Aplicação das medidas e alcance
Além da multa e das sanções individuais, a seleção terá de atuar com público reduzido em pelo menos uma partida. Apurações complementares indicaram que a restrição de público, na prática, será de 50% da capacidade do estádio em ao menos uma das partidas afetadas — medida que se soma às multas e às obrigações de investimento em ações antidiscriminação.
O organismo disciplinar pontuou que as penalidades foram motivadas por um conjunto de incidentes ao longo do torneio, não se limitando ao confronto na final. A decisão formal descreve condutas de torcedores que configuraram manifestações não ligadas ao esporte e episódios de abuso discriminatório, além de episódios de desordem que afetaram a segurança dos jogos.
Contexto e implicações
As penalidades divulgadas têm reflexos diretos sobre a imagem da federação argentina e sobre a responsabilidade das entidades nacionais em prevenir e coibir comportamentos discriminatórios entre torcidas e integrantes das comissões técnicas.
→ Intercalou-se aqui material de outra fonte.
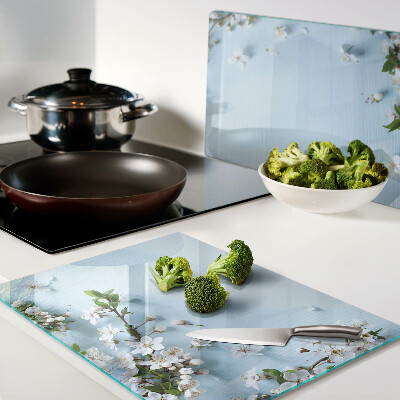 Szklana deska do krojenia z kwiatowym wzorem na niebieskim tle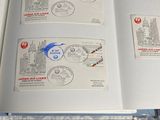 a lot of stamps on the pages of a book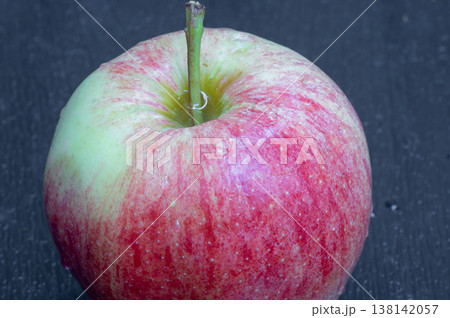 red apple, close-up, on a wooden background. 138142057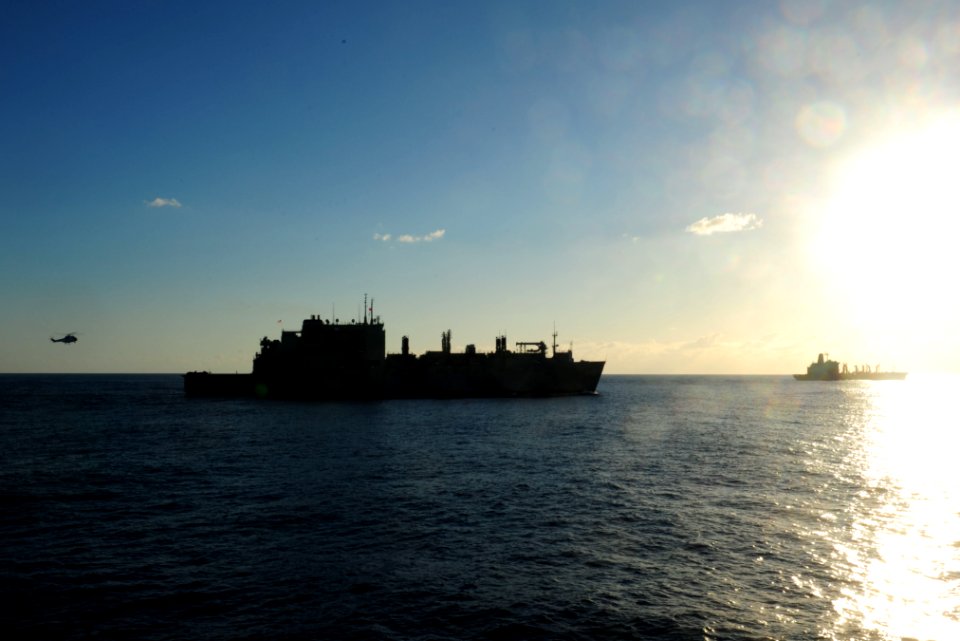 US Navy 110725-N-WA347-037 USNS Richard E. Byrd (T-AKE 4) and USNS John Ericsson (T-AO 194) transit near USS Germantown (LSD 42)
A obrigação financeira de aplicar US$ 100.000 em programas de combate à discriminação aponta para uma tentativa de responsabilização com foco em medidas preventivas, além da punição pecuniária.
No plano desportivo imediato, as suspensões impostas a atletas como Leandro Paredes e outros significam ausências importantes que deverão ser cumpridas conforme o calendário oficial das competições nas quais cada jogador estiver inscrito. As partidas específicas em que as suspensões serão cumpridas serão definidas nos termos das regulamentações da Fifa e em conjunto com as federações competentes, conforme os procedimentos disciplinares aplicáveis.
Do ponto de vista institucional, a multa de US$ 321.000 representa um impacto financeiro relevante para a federação, enquanto a exigência de reduzir a capacidade de público em ao menos um jogo terá efeito direto sobre receita de bilheteria e ambientação em campo. A soma das sanções indica que a autoridade máxima do futebol pretende enviar sinal claro sobre a intolerância a manifestações discriminatórias e a comportamentos que comprometam a ordem em competições internacionais.
O que vem a seguir
Os próximos passos envolverão a definição prática de quando e em qual partida será aplicada a redução de público, além do acompanhamento do cumprimento das multas e do investimento obrigatório em ações contra a discriminação. Também cabe destacar que os atletas punidos deverão cumprir suas suspensões conforme os calendários oficiais, o que exigirá coordenação entre clubes, federações nacionais e a própria Fifa.
Em termos disciplinares e administrativos, a história permanece em andamento: caberá à AFA divulgar como será aplicado o montante de US$ 100.000 em programas antidiscriminação e adotar medidas internas para evitar a repetição de incidentes. A reação institucional e os desdobramentos práticos dessas obrigações serão determinantes para observar se as penalidades terão efeito preventivo em competições futuras.